Write out the complete data exactly as written.

● Data shown:
=== Begin Enclosure ===

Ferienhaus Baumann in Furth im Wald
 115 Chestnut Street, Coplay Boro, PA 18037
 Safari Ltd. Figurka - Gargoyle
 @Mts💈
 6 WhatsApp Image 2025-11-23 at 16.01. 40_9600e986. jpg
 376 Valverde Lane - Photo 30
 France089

=== End Enclosure ===

● Expected output:
Ferienhaus Baumann in Furth im Wald
 115 Chestnut Street, Coplay Boro, PA 18037
 Safari Ltd. Figurka - Gargoyle
 @Mts💈
 6 WhatsApp Image 2025-11-23 at 16.01. 40_9600e986. jpg
 376 Valverde Lane - Photo 30
 France089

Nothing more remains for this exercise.